Track Drug Shortages

Visit the American Society of Health-System Pharmacists (ashp.org) to see which drugs are in short supply, timelines for delivery of the drugs and alternatives you can use in place of the shortage drugs.

You're not alone if you're having a hard time getting fentanyl. An acute nationwide shortage has sent many facilities scrambling for alternative ways to control surgical pain. Here are some steps you can take to survive the shortage.
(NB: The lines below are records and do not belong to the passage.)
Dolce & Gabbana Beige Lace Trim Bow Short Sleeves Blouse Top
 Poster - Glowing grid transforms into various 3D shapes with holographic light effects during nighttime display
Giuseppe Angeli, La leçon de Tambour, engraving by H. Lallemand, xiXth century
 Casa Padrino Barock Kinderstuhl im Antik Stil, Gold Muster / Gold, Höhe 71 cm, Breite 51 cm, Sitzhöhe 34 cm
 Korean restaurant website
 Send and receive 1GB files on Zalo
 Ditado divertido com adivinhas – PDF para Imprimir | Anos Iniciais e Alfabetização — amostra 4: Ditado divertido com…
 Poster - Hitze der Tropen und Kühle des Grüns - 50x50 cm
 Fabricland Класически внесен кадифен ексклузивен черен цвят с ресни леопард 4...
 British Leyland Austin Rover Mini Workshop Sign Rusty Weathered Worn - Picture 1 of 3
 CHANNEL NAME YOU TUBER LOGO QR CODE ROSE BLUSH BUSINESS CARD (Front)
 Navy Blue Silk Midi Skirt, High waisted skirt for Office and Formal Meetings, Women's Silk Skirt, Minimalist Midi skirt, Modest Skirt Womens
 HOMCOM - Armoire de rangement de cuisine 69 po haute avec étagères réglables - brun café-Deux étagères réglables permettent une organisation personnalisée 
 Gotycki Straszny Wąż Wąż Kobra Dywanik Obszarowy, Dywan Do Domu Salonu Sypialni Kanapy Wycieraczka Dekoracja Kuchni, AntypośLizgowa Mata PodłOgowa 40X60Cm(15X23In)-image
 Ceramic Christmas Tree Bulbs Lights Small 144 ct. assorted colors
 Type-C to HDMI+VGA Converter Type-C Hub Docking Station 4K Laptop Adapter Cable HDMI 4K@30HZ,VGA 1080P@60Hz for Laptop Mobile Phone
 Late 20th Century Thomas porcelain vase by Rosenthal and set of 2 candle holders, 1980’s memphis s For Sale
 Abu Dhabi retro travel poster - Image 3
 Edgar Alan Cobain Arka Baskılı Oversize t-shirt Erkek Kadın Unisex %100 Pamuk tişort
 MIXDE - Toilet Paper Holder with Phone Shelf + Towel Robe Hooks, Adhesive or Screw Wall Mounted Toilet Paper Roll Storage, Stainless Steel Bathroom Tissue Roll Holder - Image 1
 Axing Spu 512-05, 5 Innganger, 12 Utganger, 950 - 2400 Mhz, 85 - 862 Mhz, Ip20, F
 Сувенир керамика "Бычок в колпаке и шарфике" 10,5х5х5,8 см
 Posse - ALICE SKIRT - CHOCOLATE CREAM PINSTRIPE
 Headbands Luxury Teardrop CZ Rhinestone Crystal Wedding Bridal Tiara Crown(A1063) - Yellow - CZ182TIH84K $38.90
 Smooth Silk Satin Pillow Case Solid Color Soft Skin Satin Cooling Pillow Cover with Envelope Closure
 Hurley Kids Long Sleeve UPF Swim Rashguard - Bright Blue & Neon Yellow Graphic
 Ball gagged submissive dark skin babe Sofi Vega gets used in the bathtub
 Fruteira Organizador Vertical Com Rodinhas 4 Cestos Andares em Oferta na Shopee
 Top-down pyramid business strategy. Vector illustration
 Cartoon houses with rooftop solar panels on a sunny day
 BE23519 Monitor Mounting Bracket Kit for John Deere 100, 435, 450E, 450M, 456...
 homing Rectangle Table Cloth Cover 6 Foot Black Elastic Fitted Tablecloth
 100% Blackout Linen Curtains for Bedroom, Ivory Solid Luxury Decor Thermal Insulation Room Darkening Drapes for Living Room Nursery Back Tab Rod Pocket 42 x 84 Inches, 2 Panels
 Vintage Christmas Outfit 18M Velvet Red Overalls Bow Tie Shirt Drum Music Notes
1. Ration your fentanyl supply. Use injectable opioids to treat pain, not to sedate patients. One surgery center uses Dilaudid for adults in PACU and reserves fentanyl for pediatric patients. In inhalational cases, some anesthesia providers give morphine at the end of the case for pain control.

2. Load up on different vial sizes. One anesthesia coordinator bought fentanyl 5 mcg and 250 mcg when the 100 mcg was not available. "I know it's more to waste, but it's our only option."

3. Online search strategies. Try searching "ampules" instead of "vials" when ordering online, says Sheldon S. Sones, RPh, FASCP, a pharmacy consultant in Newington, Conn. A glass ampule will give you a different dosage form, but it's the same drug, he says. Similarly, you might try ordering under the trade name, Sublimaze. One administrator was happy to find 20 cc ampules of Sublimaze ("not too expensive for the waste," she says) as well as 1 ml and 2 ml Sufenta (sufentanil).

4. Caution when using alternative drugs. If you consider using other formulations such as meperidine and Dilaudid (hydromorphone), be aware of the risk of an error or adverse outcome when using unfamiliar alternative drugs. Not all injectable opioids are interchangeable for all indications. During a similar shortage in 2010, 2 patients died when IV hydromorphone was administered at the intended dose for morphine.

5. Non-opioid multimodal pain management. In some cases, you can mitigate post-op pain by attacking it before surgery with nerve blocks or non-opioid analgesics. For example, you can give Celecoxib with 975 mg of acetaminophen, says Mr. Sones, who cautions that celecoxib is contraindicated for use in patients allergic to sulfonamides.